A collaboration between Siemens and AkzoNobel transformed a £100m factory in Ashington, to connect the entire manufacturing process horizontally and vertically, allowing for the end-to-end digitization of the plant and for the plant to achieve new levels of speed and efficiency.
Covering an area of 100,000m² the facility also has capacity to expand in order to support future growth plans.
These improvements have reduced the time to market by 85%, from three months to just two weeks. With this change, the plant can now produce up to 33,000 different colors across a range of AkzoNobel brands.
The result is that the plant is efficiently producing paint in a pre-determined order, based on input availability and machine performance, and that every activity, from the ordering of raw materials to the shipping of finished products, can be initiated without human intervention.
“The reason that we wanted to utilize the automation technology was to meet the ever-increasing production needs of our customers, continue to meet the safety regulations in the chemical and manufacturing industries, but also to achieve our own sustainability goals of reducing waste, reusing energy and using less solvent,” Jeff Hope, AkzoNobel’s head of the manufacturing unit at AkzoNobel Ashington, said.
The plant also aims to reuse 100% of its water and 90% of solvents back into the process once the materials have been treated in the onsite by-products plant.
Meanwhile, a biomass boiler and solar panels onsite produce 10% of the energy needed to power the plant, and any rainwater harvested is also used in the production process.
AkzoNobel estimates that the carbon footprint per liter of paint produced at Ashington has reduced by 50%, compared to the facilities it has replaced.
The solution at Ashington, which combines Siemens’ technology with AkzoNobel’s enterprise business system, connected every manufacturing process vertically and horizontally, allowing the entire factory to communicate and become automated.

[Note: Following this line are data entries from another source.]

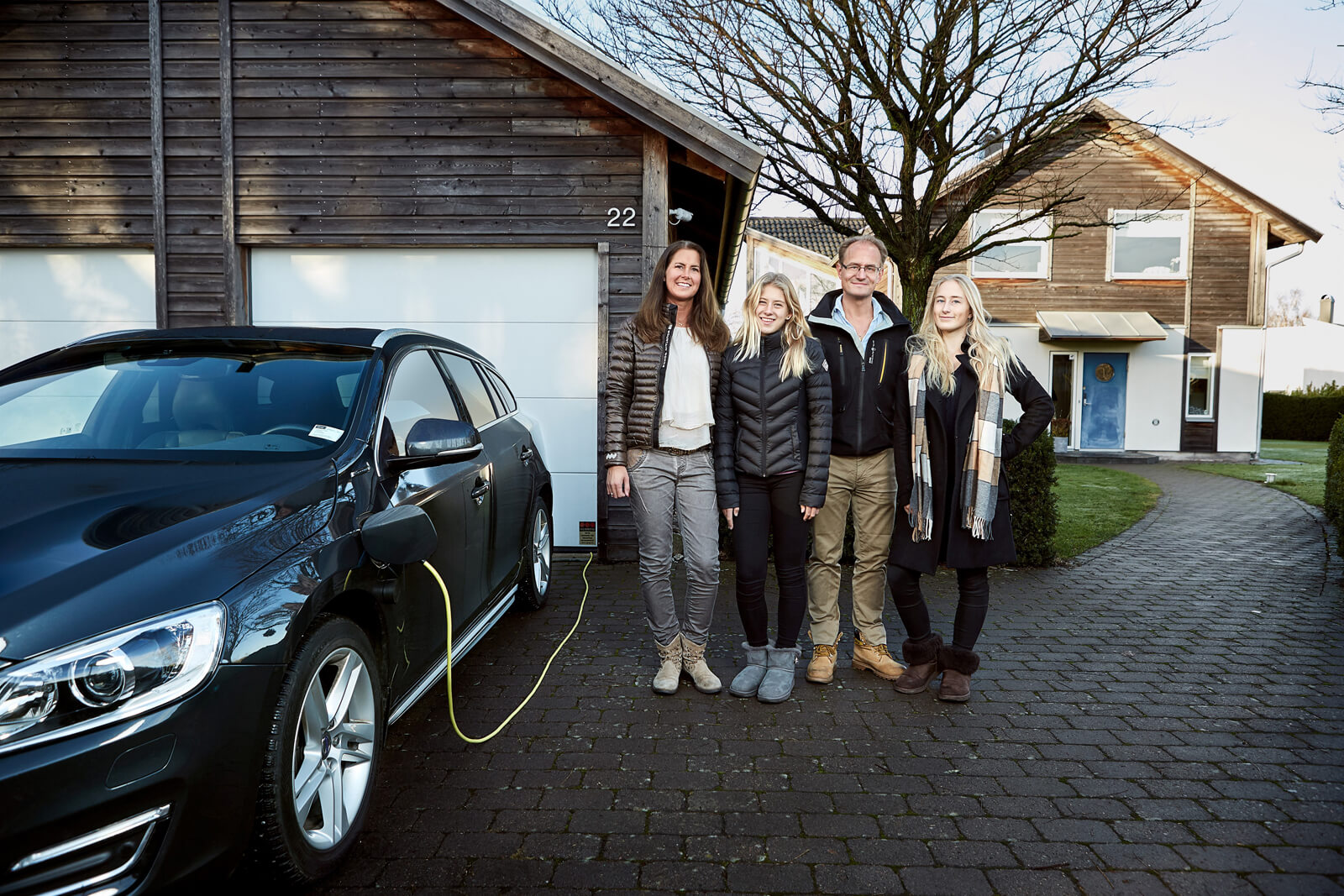 Volvo self driving car being tested on real family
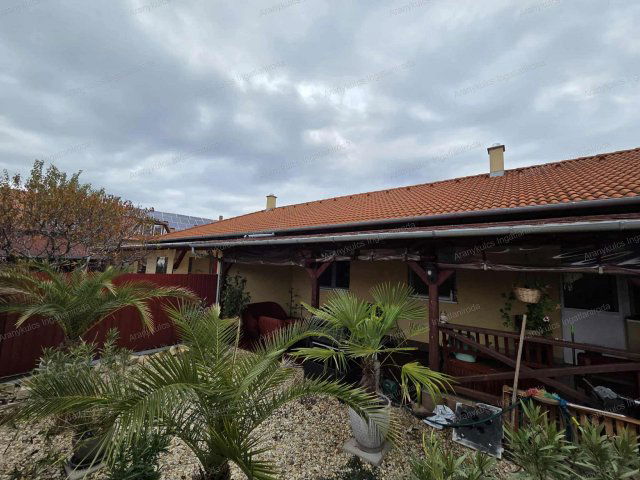 Eladó téglalakás, Gyulán 63.99 M Ft, 2+1 szobás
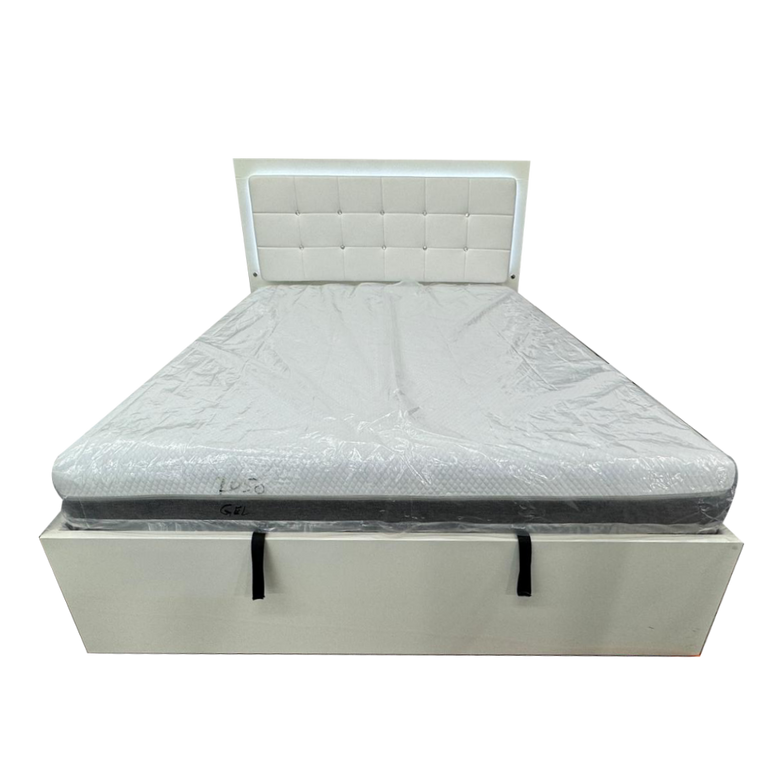 7004 - Storage Bed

In addition, operations such as delivery, logistics, and customer relations are managed by the business system from SAP (Systems, Applications, and Products).
Eric Bennison, account development manager at Siemens Digital Industries, said: “By utilizing digitization tools we’ve worked with AkzoNobel Ashington to deliver their unique vision to be able to give them a fully integrated, completely connected and automated plant.